Figure 4.5: A graphical depiction of data flowing through the beamformer’s weight application pipeline

The pipeline diagram in Figure 4.5 shows that sending new weights and indices does not overlap with any other activity in the beamforming pipeline. Currently
there is no way to combine multiple data transfers of similar or dissimilar types, preventing one data transfer operation from sending new data, new weights, and new indicies all at once. These must be transferred through multiple discrete DMA transactions, so the longest of them, the data transfer, is used for overlapping with the weight application and weight computation sub-tasks.

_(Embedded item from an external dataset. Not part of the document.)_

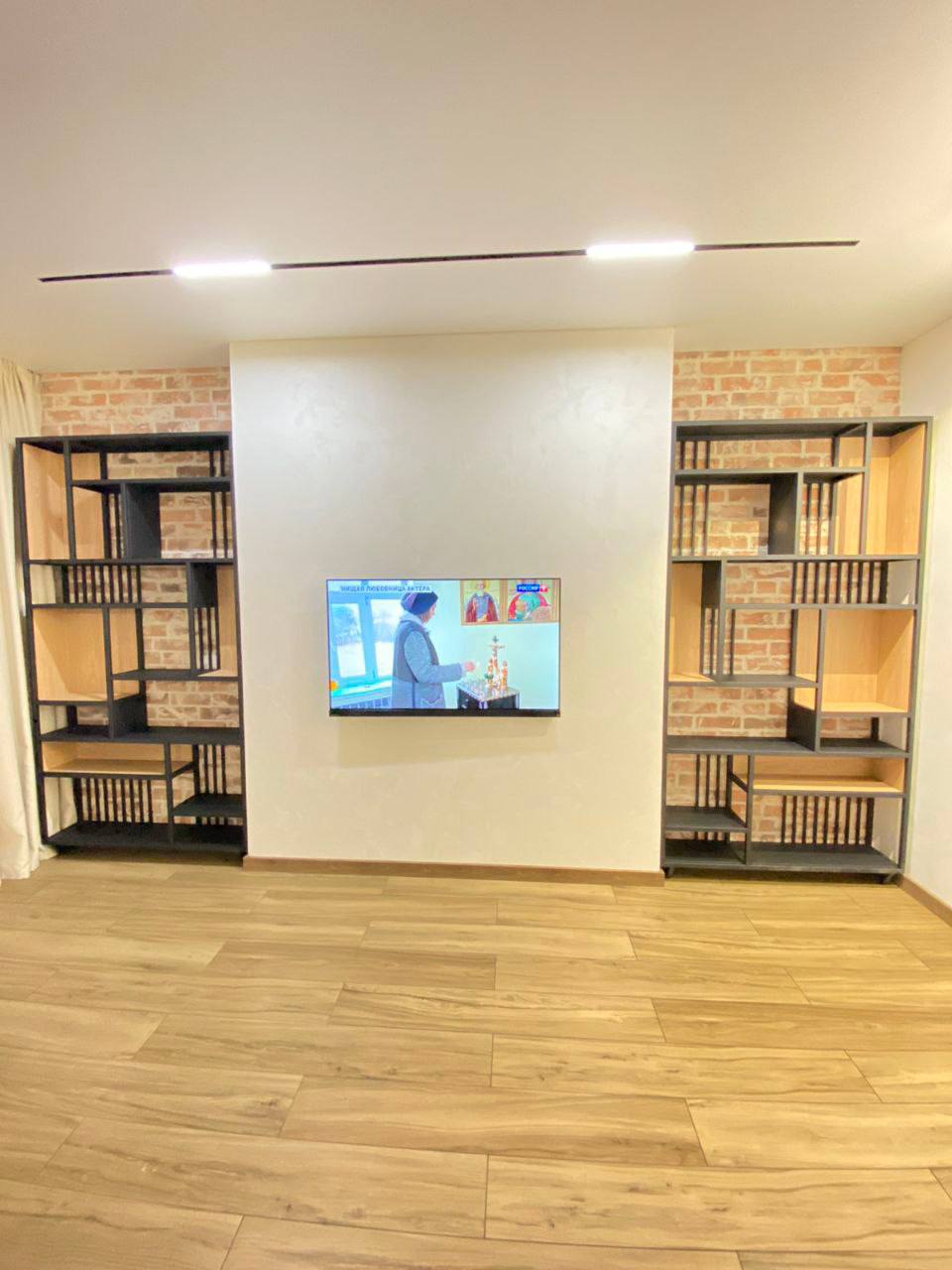 ТВ-тумба и стеллаж с рейками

4.3.2 Cray XD1 FPGA Kernel

To observe the characteristics of the beamforming Vforce processing object, a beam-forming weight application bitstream was created for the target XD1’s FPGAs. The behavior of the bitstream is dictated by the corresponding Vforce processing object and was described in the preceding section; the details of the bitstream implementation are documented in this section. Like the XD1 FFT bitstream, the XD1 weight application bitstream relies on the communication, register, QDR-II SRAM, and DMA infrastructure provided by Cray, but was synthesized, placed, and routed by Xilinx ISE 9.1i.

The mathematical operation performed by the SPP is a complex indexed weighted multiply accumulate. A block diagram of the XD1 FPGA implementation is provided in Figure 4.6. All data operations are performed in single precision floating point, and the multiply and addition units in the complex multiply and adder tree were generated with a 6-cycle latency using Xilinx CORE Generator. The accumulator portion of the datapath uses the floating-point accumulator design from the Reconfigurable Computing Laboratory’s Variable Precision Floating Point Library [29], and
was originally based on a design in [31]. The design uses a single adder to save a significant amount of FPGA area at the expense of accumulator latency. The number of cycles from the time the last accumulator input is applied until the final output is available varies from 9 to 35 cycles depending on the number of inputs, as shown by the graph in Figure 4.7. The accumulator also requires that no inputs are applied to the accumulator while the result is being calculated, or another accumulation will be triggered. This requires a variable length stall in the pipeline while the accumulator completes processing the final outputs. Finally, in addition to these delays, the QDR-II SRAM has a 6-cycle read latency. To compensate for all of these delays while keeping the datapath full requires a pipeline of non-negligible length. Note that while there is significant room for parallelization of the weight application sub-task, the bandwidth of each SRAM bank is limited to 64-bits per cycle. The implementation does not use the full bandwidth available as indices are only 32-bits, but otherwise the design well utilizes the memory hierarchy.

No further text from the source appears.